Budawati, Ni Nengah, dkk. 2011. Payung Adat Untuk Perempuan Bali. Jakarta : KIAS (Komunitas untuk Indonesia yang Adil dan Setara).

Dyatmikawati, Putu. 2012. Perkawinan Padagelahang dalam Hukum Adat di Provinsi Bali, Ditinjau dari Undang-Undang No.1 Tahun 1974 Tentang Perkawinan. Disertasi. Program Studi Doktor Ilmu Hukum Program Pascasarjana Universitas 17 Agustus 1945. Surabaya.

Koentjaraningrat. 1985. Beberapa Pokok Antropologi Sosial. Jakarta: PT Dian Rakyat.

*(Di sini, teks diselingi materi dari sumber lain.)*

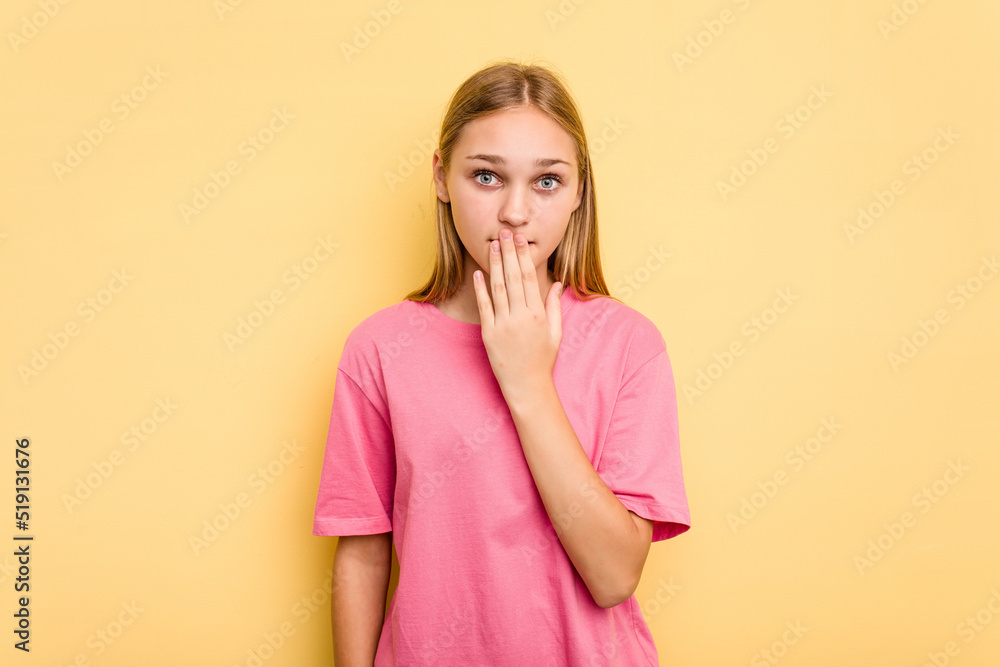 Young caucasian girl isolated on yellow background shocked, covering mouth with hands, anxious to discover something new. Young caucasian girl isolated on yellow background shocked, covering mouth with hands, anxious to discover something new.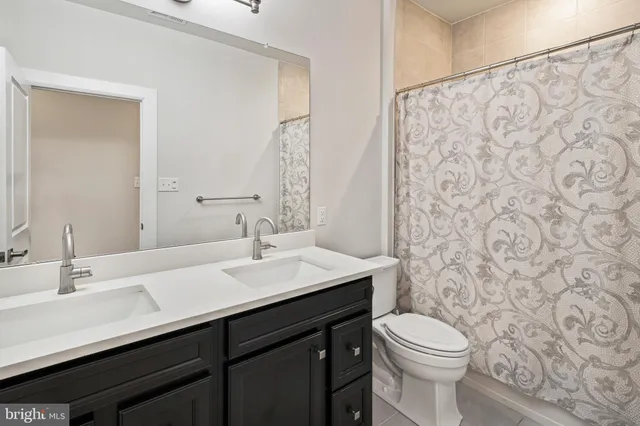 a bathroom with double vanity sinks and a large mirror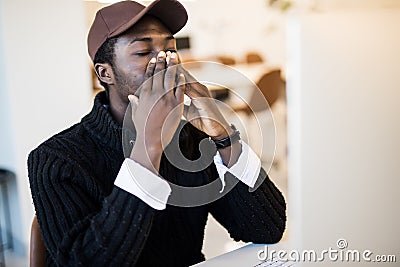 Sick young african-american businessman wearing suit caught cold sneezing in tissue working in office Stock Photo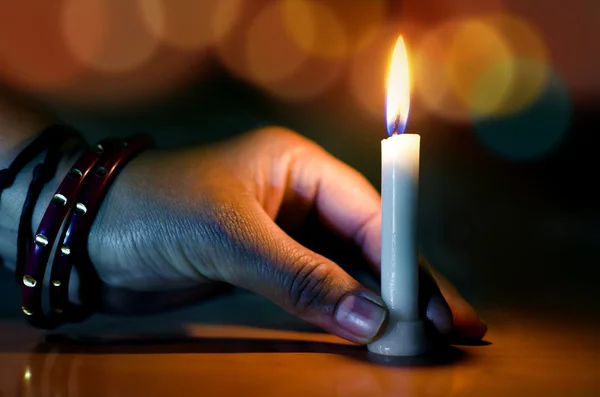 Mano sosteniendo vela en la noche oscura bokeh —  Fotos de Stock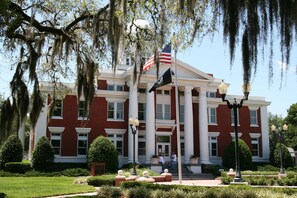 A large, stately building with a red brick facade, white columns, and a flagpole with an American flag. - Hampton Inn Dade City - Zephyrhills (Dade City)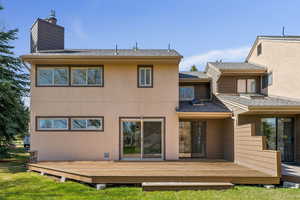Rear view of house featuring stucco siding, a chimney, and a deck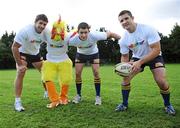 1 October 2008; Rugby star Simon Keogh and his team-mates, Trevor Hogan, left, and Felix Jones, line out with the Dublin Simon Fun Run chicken, Alan McGuire, to encourage people of all ages to register and take part in the Fun Run @ www.funrun.ie. The Dublin Simon 25th Fun Run takes place next Saturday 11th October in The Phoenix Park. The ‘Dublin Simon 2008 5 Mile Fun Run’ is the longest running charity race in the Park and will celebrate its 25th year in 2008 with an action packed family event for people of all ages looking to have fun, get fit and help raise €100,000 for emergency accommodation for those experiencing homelessness in Dublin. David Lloyd Riverview Fitness Centre, Clonskeagh, Dublin. Picture credit: Matt Browne / SPORTSFILE  *** Local Caption ***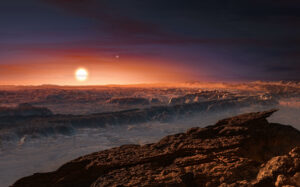 This artist’s impression shows a view of the surface of the planet Proxima b orbiting the red dwarf star Proxima Centauri, the closest star to the Solar System. The double star Alpha Centauri AB also appears in the image to the upper-right of Proxima itself. Proxima b is a little more massive than the Earth and orbits in the habitable zone around Proxima Centauri, where the temperature is suitable for liquid water to exist on its surface.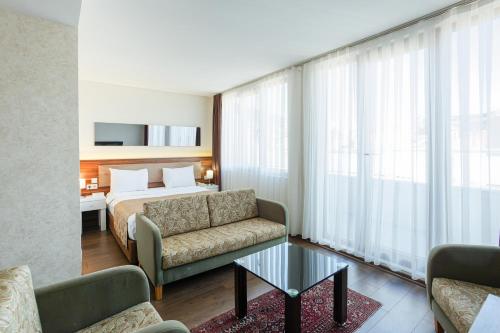 イスタンブールにあるP Galata Hotel - Special Categoryのベッド、ソファ、テーブルが備わるホテルルームです。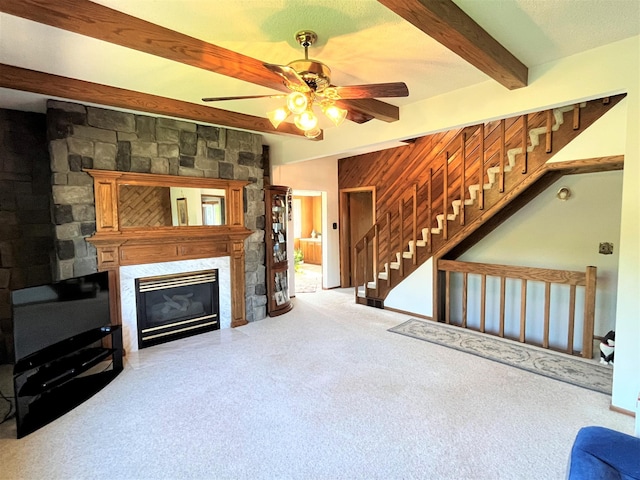 living room featuring carpet flooring, ceiling fan, beam ceiling, and a premium fireplace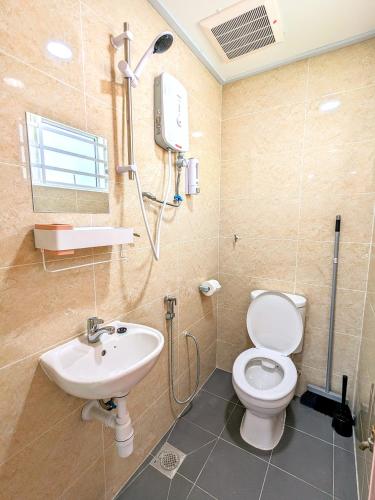a bathroom with a white toilet and a sink at Private Room with Bathroom in Kuala Lumpur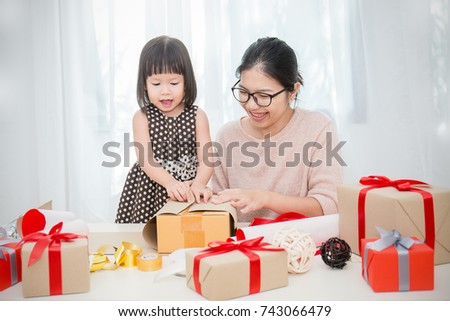 Asian little girl help her mother wrapping gift box, celebration holiday christmas mother'?s day concept.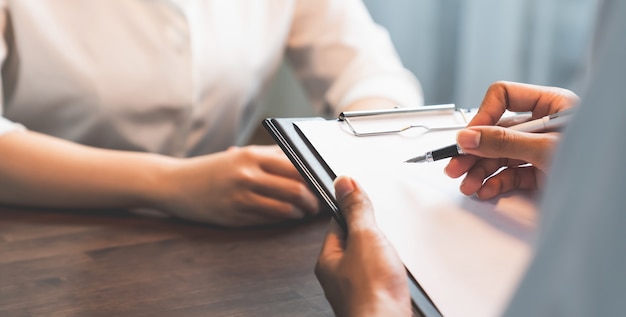 Mano de hombre de negocios que sostiene la pluma poniendo el papel y el borrador del contrato con los clientes.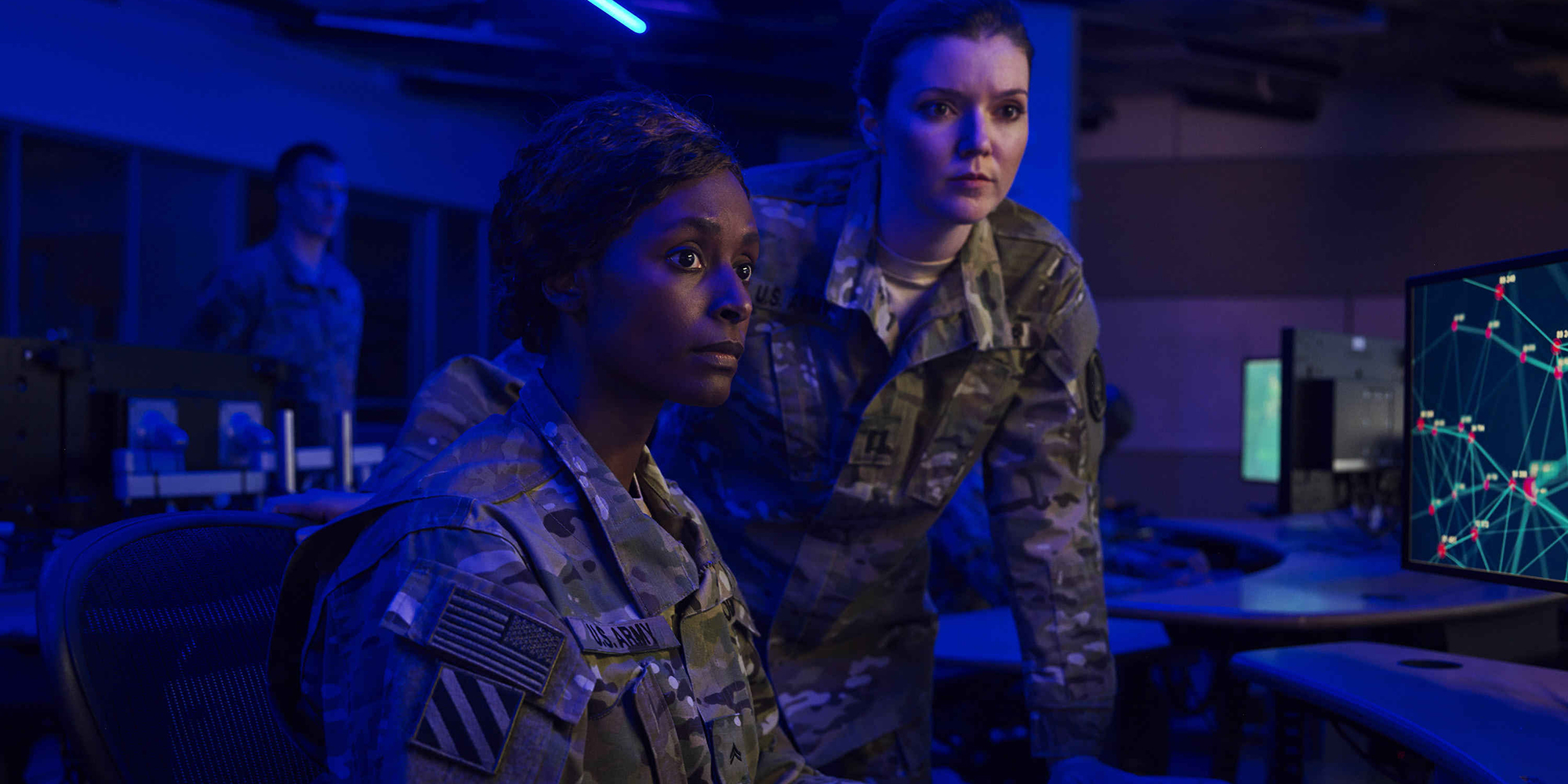 A black woman and a white woman in army suits in a control room.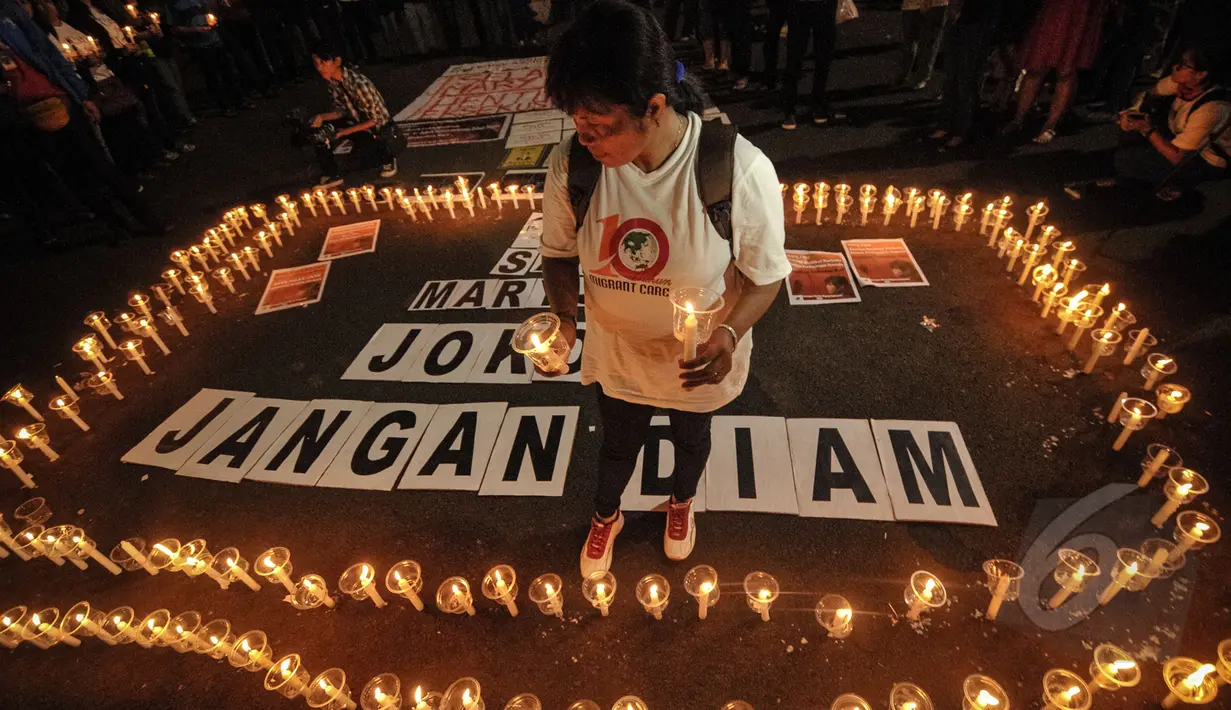 Seorang aktivis berdiri diantara ribuan lilin yang menyala dalam aksi damai di depan Istana Merdeka, Jakarta, Minggu (26/4/2015). Aksi tersebut meminta eksekusi atas Mary Jane dibatalkan. (Liputan6.com/Faial Fanani)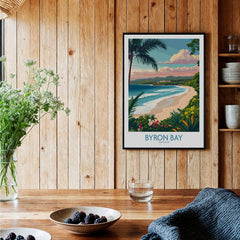 Byron Bay Poster - Australia Wall Art displayed in a cozy interior setting with wooden walls and a rustic table.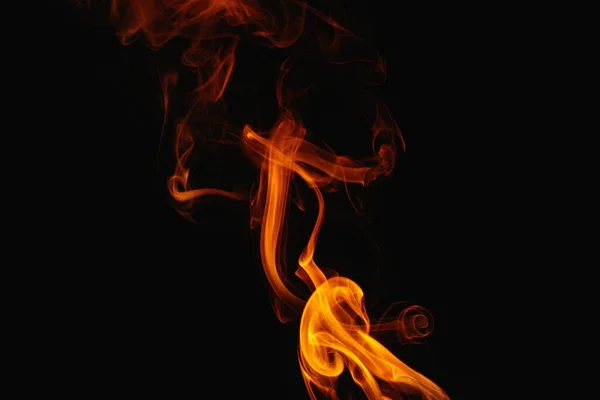 Orange smoke on a black background. Colored smoke. Smoke illuminated by orange light. Bizarre spellbinding flames.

Retiana, I Nyoman. 1998. “Hak Dan Kewajiban Wanita Bali Dalam Pewarisan Di Desa Pejaten Kabupaten Tabanan (Kasus Dalam Perkawinan Nyentana)”. Skripsi. Jurusan Antropologi Fakultas Sastra Universitas Udayana, Denpasar.

Sukerti, Ni Nyoman, 2012. Hak Mewaris Perempuan Dalam Hukum Adat Bali Sebuah Studi Kritis. Denpasar : Udayana University Press.

Windia, Wayan P, dkk. 2008. Perkawinan Padagelahang di Bali. Denpasar : Udayana University Press.